SEE-TOUCH POETRY One of the works by Kavi

SEE-TOUCH POETRY One of the works by Kavi

Like many poets, or perhaps because of them, poetry often lives in closets. The privacy of poetry is precious to some, necessary even, but can its oxygen liven up our drawing rooms, our streets, our daily lives? Kavi — The Poetry-Art Project, a four member collective comprising poetry lovers, artists and entrepreneurs, believes it can.

“We started Kavi with the simple thought that something as beautiful as poetry deserves to be seen, read and realised more in our day-to-day lives than only breathed in blogs, books, private journals and recitals,” they say.

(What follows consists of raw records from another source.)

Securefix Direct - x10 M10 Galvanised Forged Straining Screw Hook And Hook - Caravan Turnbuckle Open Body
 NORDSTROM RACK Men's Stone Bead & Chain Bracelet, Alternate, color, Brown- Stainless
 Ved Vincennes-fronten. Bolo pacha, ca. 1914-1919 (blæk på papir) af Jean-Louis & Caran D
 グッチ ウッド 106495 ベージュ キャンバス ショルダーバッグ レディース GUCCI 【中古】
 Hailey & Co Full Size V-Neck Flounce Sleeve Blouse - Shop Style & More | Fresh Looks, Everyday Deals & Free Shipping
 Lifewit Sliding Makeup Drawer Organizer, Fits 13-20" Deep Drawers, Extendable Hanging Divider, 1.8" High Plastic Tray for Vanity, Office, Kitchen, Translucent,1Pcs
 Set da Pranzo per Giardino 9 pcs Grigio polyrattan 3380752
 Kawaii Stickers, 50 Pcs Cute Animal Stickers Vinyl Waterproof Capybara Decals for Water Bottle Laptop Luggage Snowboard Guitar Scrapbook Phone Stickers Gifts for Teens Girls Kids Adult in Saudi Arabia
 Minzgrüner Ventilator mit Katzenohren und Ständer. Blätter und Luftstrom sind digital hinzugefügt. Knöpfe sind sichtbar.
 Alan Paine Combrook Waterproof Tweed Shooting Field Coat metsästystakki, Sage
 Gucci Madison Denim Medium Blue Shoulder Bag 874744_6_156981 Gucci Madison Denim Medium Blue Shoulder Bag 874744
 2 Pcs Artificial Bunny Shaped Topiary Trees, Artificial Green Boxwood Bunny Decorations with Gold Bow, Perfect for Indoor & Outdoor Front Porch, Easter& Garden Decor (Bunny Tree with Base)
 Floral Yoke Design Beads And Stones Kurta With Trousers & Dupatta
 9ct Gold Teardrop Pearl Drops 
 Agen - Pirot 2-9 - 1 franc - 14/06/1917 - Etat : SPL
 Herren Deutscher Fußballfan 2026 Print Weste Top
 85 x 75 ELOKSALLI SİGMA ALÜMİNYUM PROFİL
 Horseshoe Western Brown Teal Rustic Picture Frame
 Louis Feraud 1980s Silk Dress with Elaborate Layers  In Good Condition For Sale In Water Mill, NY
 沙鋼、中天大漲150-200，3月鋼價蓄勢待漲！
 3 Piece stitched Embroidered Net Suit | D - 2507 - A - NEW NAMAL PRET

The people behind the thought — Kalpana the visual artist, Madhuri and Soumya the poetry lovers and Amit the entrepreneur — got together in August last year and have since been ‘arting up’ poetry — on bookmarks, lamps, walls, wine bottles and gullaks among others. Kavi also conducts workshops to imagine poetry the way they do.

They first created poetry-art from their own work. An invitation for poems was sent out later, and from the submissions they received and continue receiving (563 till now) the group keeps a selection in its database to present to anyone looking for poem-art for a particular mood or occasion. “If a poem is chosen by a collector, the poet gets their due royalty, a display in our photogallery and of course, lots of readers and admirers in the collector's home,” they say.

But how do they go about finding the right form for a poem? “It's more like you're reading through a poem and you suddenly know, as if by instinct and the soul's eye, how it can come alive visually… For instance, we turned a poem titled ‘Experimenting with the canvas’ into what we call a ‘Canverse’ – a verse etched on canvas, taking from the poem metaphorically…Most of our media is as experimental as the concept itself, and evolves and changes with each poem's personality,” they say.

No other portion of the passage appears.